Beaumont Christian, Zafiropoulos Gregory-George, Rohmann Kay, Tatakis Dimitris N
Private practice (periodontics), Dusseldorf, Germany.
J Periodontol. 2005 Mar;76(3):461-7. doi: 10.1902/jop.2005.76.3.461.
The purpose of the present study was to determine the prevalence of sinus disease and abnormalities among patients scheduled to undergo direct sinus augmentation.
Forty-five patients attending a private periodontal practice and consecutively treatment planned for sinus augmentation were referred for otorhinolaryngologic evaluation, which included a medical history and radiographic (computed tomography), clinical, and endoscopic examinations. Pathological findings were recorded and otorhinolaryngologic treatment was provided. Six months later the sinus augmentation procedure was performed and followed by postoperative evaluations for 4 to 6 months.
Of the 45 subjects, 98% (44) were diagnosed with chronic periodontitis, 51% were smokers, and 27% reported a history of symptoms indicative of sinus disease. Eighteen subjects were diagnosed with sinus disease and/or abnormalities. The diagnosed conditions included chronic sinusitis, sinus cysts, nasal septum deviation, and ostium stenosis. No significant differences in age, gender, or smoking status between patients with and without sinus conditions were found (P >0.05). There was a significant association between history of symptoms and diagnosis of sinus conditions (P <0.0001). Three subjects (one treated for preoperative sinus conditions) experienced notable intra- or postoperative complications related to the sinus augmentation procedure.
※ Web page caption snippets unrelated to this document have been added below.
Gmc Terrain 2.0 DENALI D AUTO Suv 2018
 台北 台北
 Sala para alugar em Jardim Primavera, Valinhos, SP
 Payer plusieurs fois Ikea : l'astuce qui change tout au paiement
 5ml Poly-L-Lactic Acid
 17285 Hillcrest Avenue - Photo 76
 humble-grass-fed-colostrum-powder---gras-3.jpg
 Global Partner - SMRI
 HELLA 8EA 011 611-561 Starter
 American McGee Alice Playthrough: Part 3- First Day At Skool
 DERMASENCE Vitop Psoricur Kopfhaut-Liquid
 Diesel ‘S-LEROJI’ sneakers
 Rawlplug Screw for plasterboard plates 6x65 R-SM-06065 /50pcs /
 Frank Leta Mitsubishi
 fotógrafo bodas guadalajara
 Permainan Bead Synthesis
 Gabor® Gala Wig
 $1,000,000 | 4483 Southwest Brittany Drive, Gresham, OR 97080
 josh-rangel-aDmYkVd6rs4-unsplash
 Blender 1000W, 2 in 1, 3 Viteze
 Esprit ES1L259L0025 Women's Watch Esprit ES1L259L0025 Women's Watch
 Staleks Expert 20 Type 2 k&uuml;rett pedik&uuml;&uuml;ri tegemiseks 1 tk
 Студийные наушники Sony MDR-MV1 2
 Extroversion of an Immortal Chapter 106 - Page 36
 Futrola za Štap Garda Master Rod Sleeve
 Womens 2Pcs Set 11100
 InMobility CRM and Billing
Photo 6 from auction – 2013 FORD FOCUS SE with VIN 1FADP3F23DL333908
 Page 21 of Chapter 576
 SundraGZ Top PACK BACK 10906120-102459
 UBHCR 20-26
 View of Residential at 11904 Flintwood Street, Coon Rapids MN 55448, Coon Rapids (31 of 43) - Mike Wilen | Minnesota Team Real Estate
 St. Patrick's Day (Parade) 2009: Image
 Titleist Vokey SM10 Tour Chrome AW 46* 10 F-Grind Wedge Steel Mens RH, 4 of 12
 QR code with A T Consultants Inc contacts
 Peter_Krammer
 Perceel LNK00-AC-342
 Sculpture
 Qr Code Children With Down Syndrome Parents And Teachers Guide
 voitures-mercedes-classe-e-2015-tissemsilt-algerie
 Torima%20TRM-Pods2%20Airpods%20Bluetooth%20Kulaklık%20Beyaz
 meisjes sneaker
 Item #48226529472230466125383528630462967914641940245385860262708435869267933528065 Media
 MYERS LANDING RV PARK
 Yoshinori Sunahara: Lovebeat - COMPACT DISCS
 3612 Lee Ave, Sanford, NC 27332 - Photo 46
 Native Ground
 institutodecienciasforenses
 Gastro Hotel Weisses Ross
The results indicate that, in a population of patients with chronic periodontitis, presence of sinus conditions is strongly associated with a history of indicative symptoms and is independent of age, gender, and smoking status. The results reinforce the importance of careful detailed history taking and thorough clinical and radiographic evaluation prior to performing sinus augmentation.
本研究的目的是确定计划接受直接窦底提升术的患者中鼻窦疾病及异常情况的患病率。
45名在私人牙周诊所就诊且连续接受窦底提升术治疗计划的患者被转介至耳鼻喉科进行评估,评估内容包括病史、影像学检查(计算机断层扫描)、临床检查及内镜检查。记录病理结果并提供耳鼻喉科治疗。6个月后进行窦底提升手术,术后随访4至6个月。
45名受试者中,98%(44名)被诊断为慢性牙周炎,51%为吸烟者,27%报告有提示鼻窦疾病的症状史。18名受试者被诊断患有鼻窦疾病和/或异常。诊断出的病症包括慢性鼻窦炎、鼻窦囊肿、鼻中隔偏曲和窦口狭窄。有鼻窦疾病和无鼻窦疾病的患者在年龄、性别或吸烟状况方面未发现显著差异(P>0.05)。症状史与鼻窦疾病诊断之间存在显著关联(P<0.0001)。3名受试者(1名术前接受鼻窦疾病治疗)经历了与窦底提升手术相关的明显术中或术后并发症。
结果表明,在慢性牙周炎患者群体中,鼻窦疾病的存在与提示性症状史密切相关,且与年龄、性别和吸烟状况无关。这些结果强化了在进行窦底提升术前仔细详细询问病史以及进行全面临床和影像学评估的重要性。